Una vez aparece por el camino, otra vez junto al sepulcro donde fue dejado su cuerpo, después en Jerusalén y también a orillas del mar. Estos espectadores presenciales han dejado su testimonio que merece total credibilidad. Nuestra fe se basa en estas afirmaciones auténticas, además de la luz interior que el Espíritu Santo nos brinda.
El Evangelio hoy muestra dos apariciones más del Señor Resucitado a los discípulos, que estaban con las puertas cerradas y con extraño miedo.
Estos sentimientos, es decir, estar de corazón cerrado, de mente cerrada y de bolsillo cerrado, ocurren con frecuencia en nuestras vidas. Uno no se abre a la expresión de una vida nueva, con nuevos valores y nuevos horizontes, que al final, se queda con miedo: miedo hasta de salir de casa, y lo que es peor, miedo de volver a casa.
Vemos entonces que el Resucitado se pone en medio de ellos, les muestra sus manos y su costado y les concede la paz. La reacción delante de este encuentro es: “Los discípulos se llenaron de alegría”.

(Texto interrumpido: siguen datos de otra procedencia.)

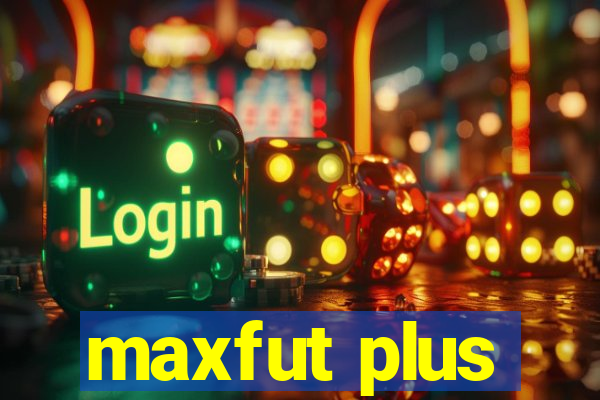 maxfut plus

En esta “pedagogía del encuentro” con el Resucitado hay que tener voluntad y amor: cuando hay amor hay revelación, cuando hay amor hay un encuentro transformador, comunión y entusiasmo. Y esto vale perfectamente para nuestras relaciones humanas.
Enseguida, Jesús Resucitado les regala el don del Espíritu Santo para perdonar los pecados, cosa que únicamente Dios puede realizar, pero quiere que los obispos y sacerdotes puedan hacerlo para sanación de los fieles y salvación de sus almas.
Podemos considerar una ligación intensa entre la paz profunda y el perdón de los pecados, y todo esto como fruto de la resurrección del Señor.
Por ello, este domingo en que celebramos la fiesta de la Divina Misericordia, cuando de modo especial Dios nos regala su clemencia para que nos reconciliemos con Él y aliviemos nuestro corazón herido por tantos golpes de falta de misericordia.
A la par, el Señor nos da una misión: “Como el Padre me envió a mí, yo también los envío a ustedes”.
Nadie puede guardar solo para sí mismo la paz y el perdón recibido, pero debe ser un instrumento de concordia entre sus familiares y un discípulo misionero disponible y perseverante en su comunidad.